» **TASK REQUIREMENTS**
Leave the pictures out, and transcribe the material below exactly from the line with "Brother DA 9270" to the line with "Fossil Blue Floral", both lines included.

═════ INFORMATION ═════

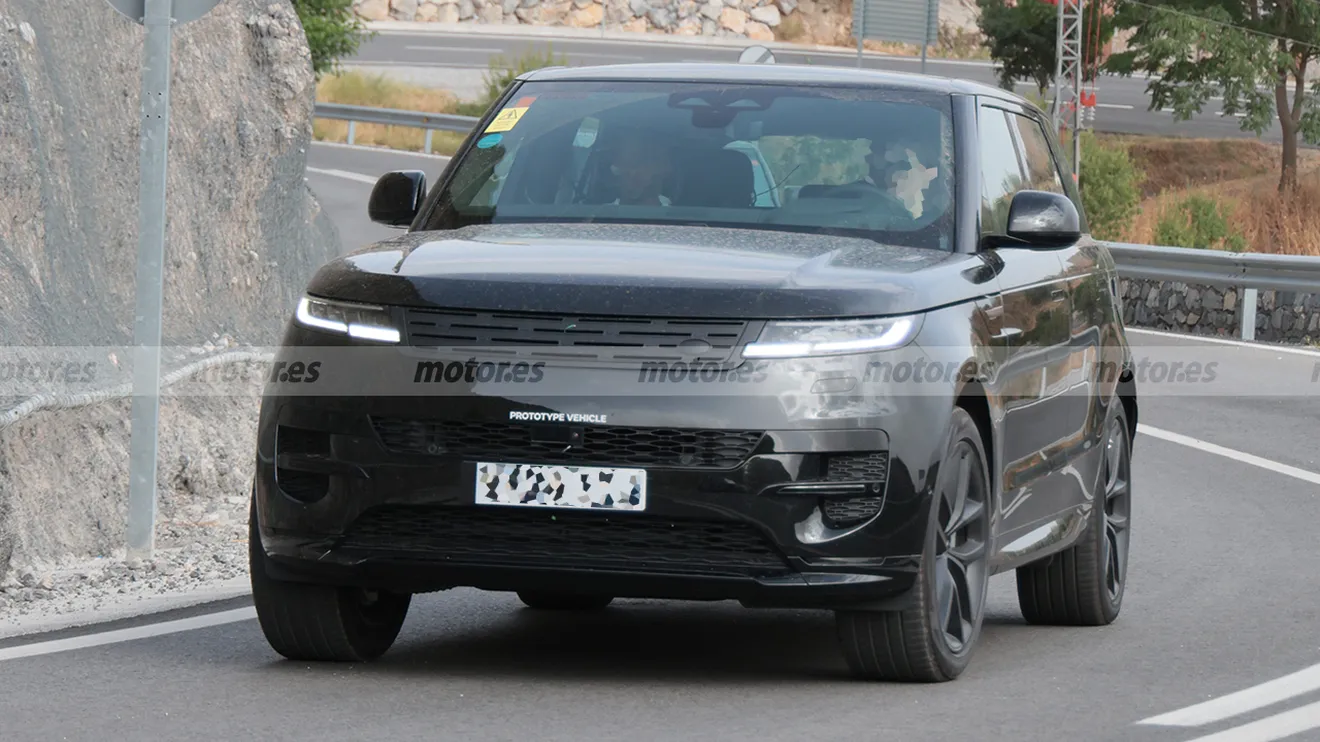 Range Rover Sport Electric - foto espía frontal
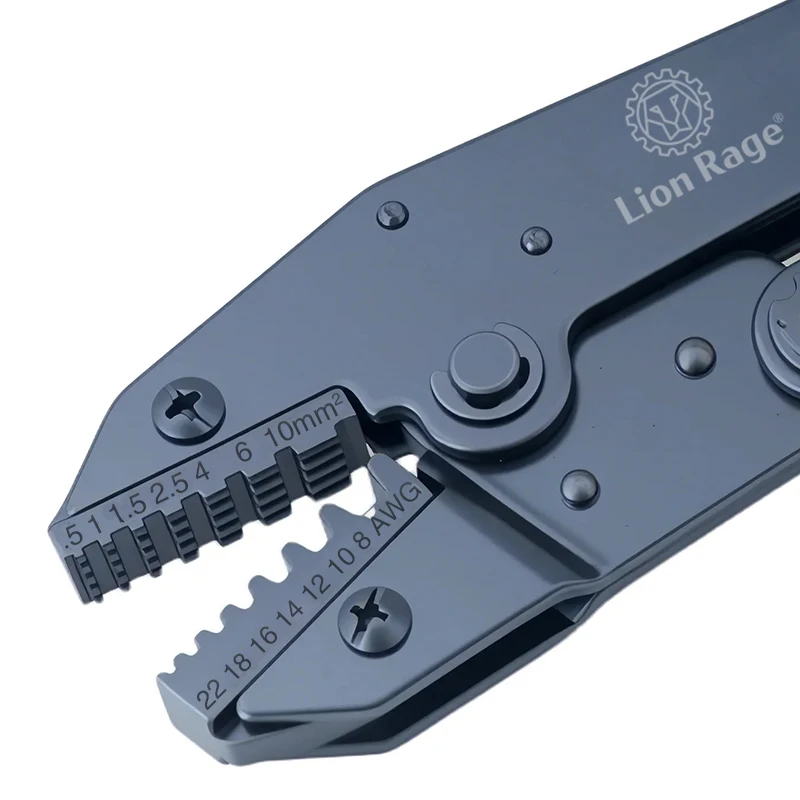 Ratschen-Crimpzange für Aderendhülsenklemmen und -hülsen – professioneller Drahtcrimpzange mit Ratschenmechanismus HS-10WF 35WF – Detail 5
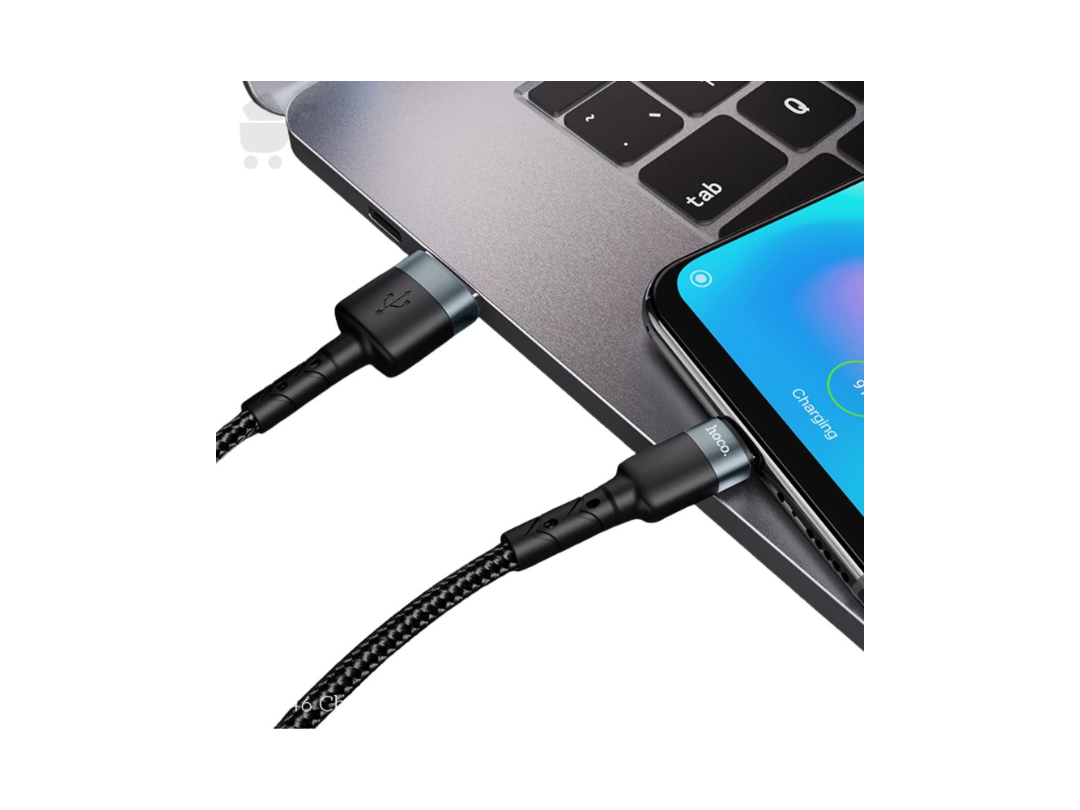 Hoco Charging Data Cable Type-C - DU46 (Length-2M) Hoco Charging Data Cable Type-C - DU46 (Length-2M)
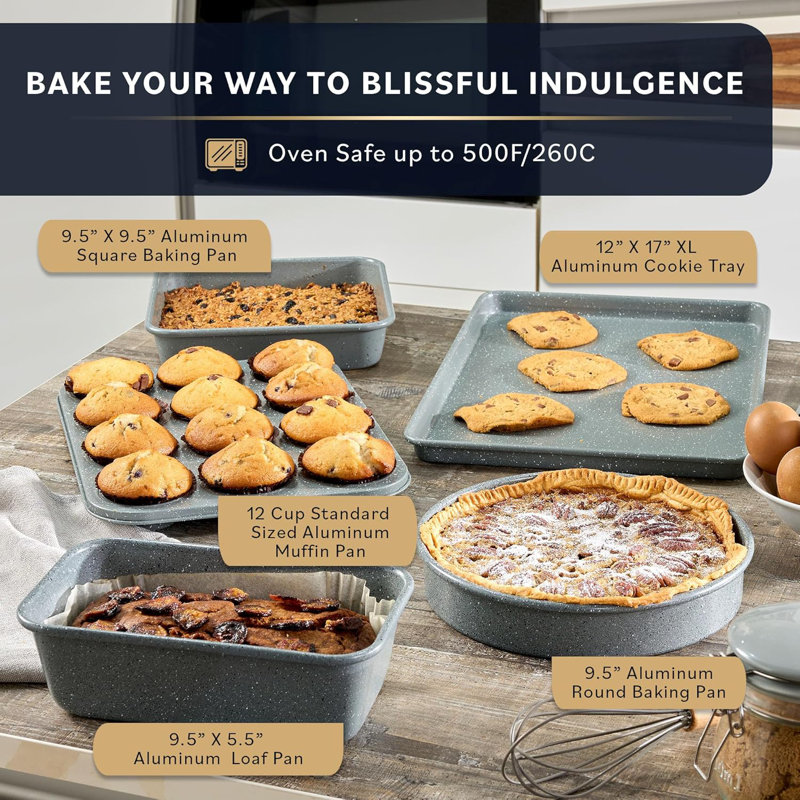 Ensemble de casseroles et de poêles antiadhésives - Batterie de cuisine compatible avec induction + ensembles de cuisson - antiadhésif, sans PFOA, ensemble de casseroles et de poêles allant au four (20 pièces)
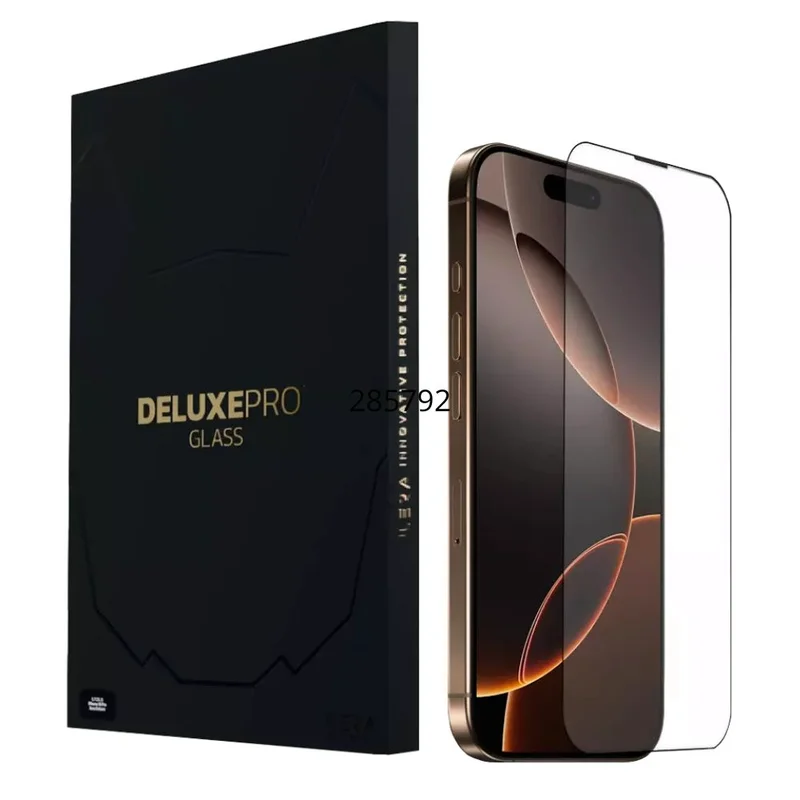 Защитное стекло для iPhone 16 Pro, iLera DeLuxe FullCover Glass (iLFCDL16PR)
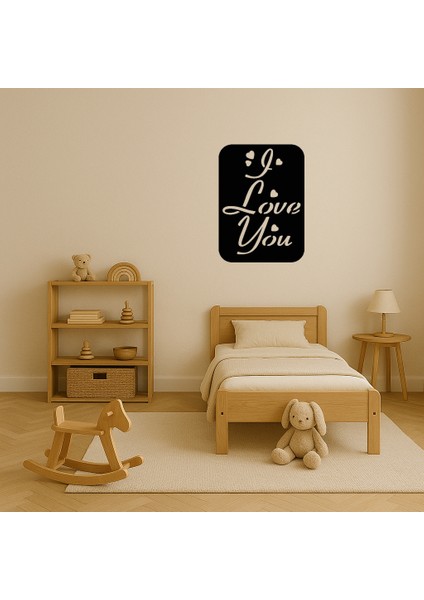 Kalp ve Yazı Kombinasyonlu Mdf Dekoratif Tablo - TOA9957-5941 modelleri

═════
═════ INFORMATION ═════

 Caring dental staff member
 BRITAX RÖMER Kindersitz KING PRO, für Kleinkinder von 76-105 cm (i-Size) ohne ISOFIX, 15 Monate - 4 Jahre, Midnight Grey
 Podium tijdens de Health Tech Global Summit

═════
═════ INFORMATION ═════

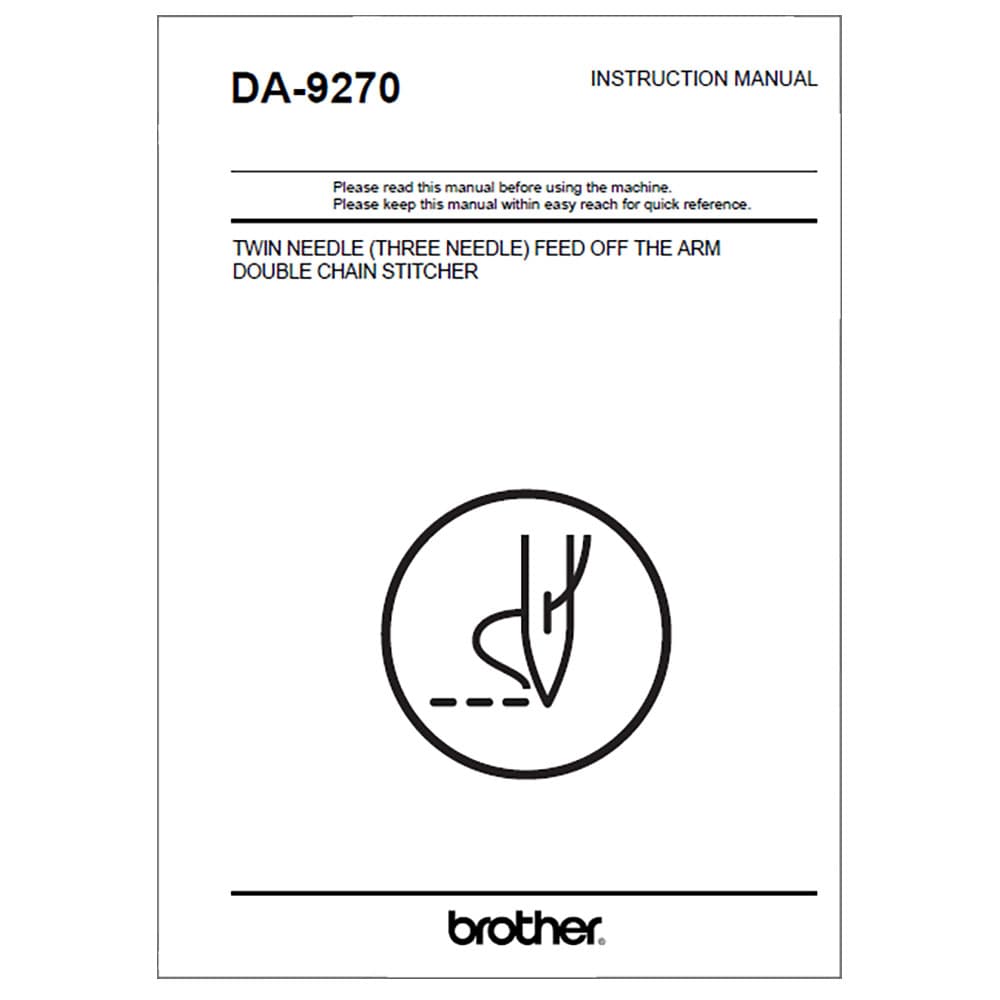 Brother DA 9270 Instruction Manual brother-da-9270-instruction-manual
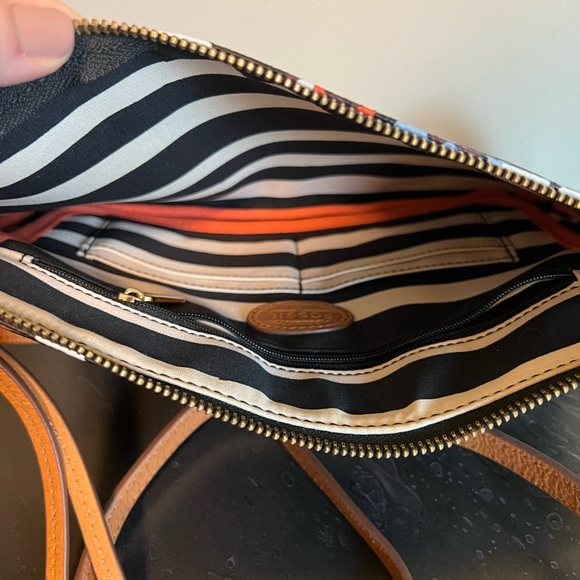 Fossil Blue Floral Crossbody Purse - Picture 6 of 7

═════

» **EXERCISE RESPONSE**
 Brother DA 9270 Instruction Manual brother-da-9270-instruction-manual
 Fossil Blue Floral Crossbody Purse - Picture 6 of 7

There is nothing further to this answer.